What you’ll hear on here is that time is a number. If I remember Melanie’s description of the quad correctly, Time describes the evolution of Space. Space is where Matter and Energy play out. Two different things. Might be interesting to discuss what that means for past vs future, but i’m not sure I’m up for it. [quote=“actingpower, post:2, topic:1901”]
the four Variations underneath The Past are so future-oriented:
[/quote]

I know I’ve read something about the model being spun 90 degrees because it’s like a helix. I don’t know how that spin works, but maybe that has something to do with it.

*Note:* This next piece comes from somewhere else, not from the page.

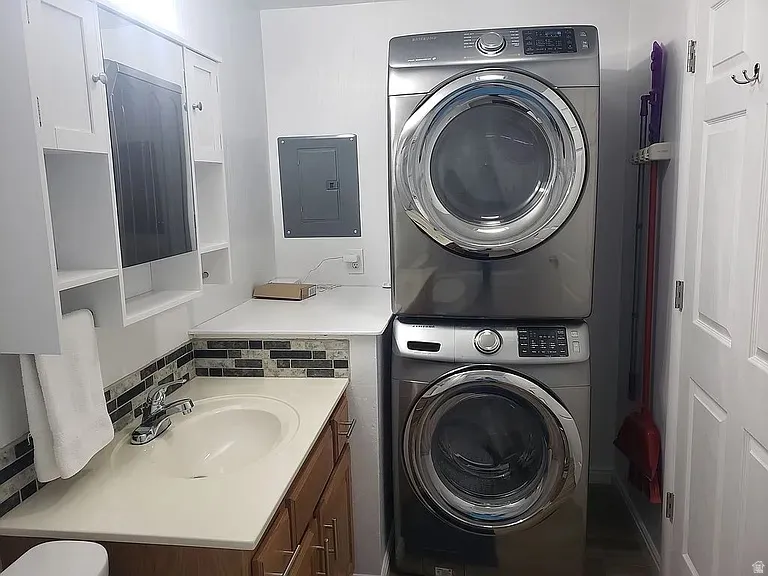 Laundry area featuring a stacked washer and dryer, an integrated sink, a mosaic tile backsplash, white upper cabinetry with open shelving, and a wood-finish vanity base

In other words, in traces in the mind, and in traces in media, or in traces in the physical record. Reading Judah Pearls book new book about Causality right now, as a matter of fact. THE BOOK OF WHY, that’s the title. Argues that statistics and correlation was a timid devil’s bargain that undermined understanding of cause and effect over the last hundred years. We’re only facing it now because computers, ML, AI and so on.

No, there are no low entropy chemical traces in my physical brain at present about a conversation.

Remember your context. A storyform describes a story that has everything mapped out, including time. The past is RELATIVE past, such as history. Ditto for present, future, and progress. Time-related values mean little objectively without context. Once you stick a pin in what the present is, everything else falls into relative place.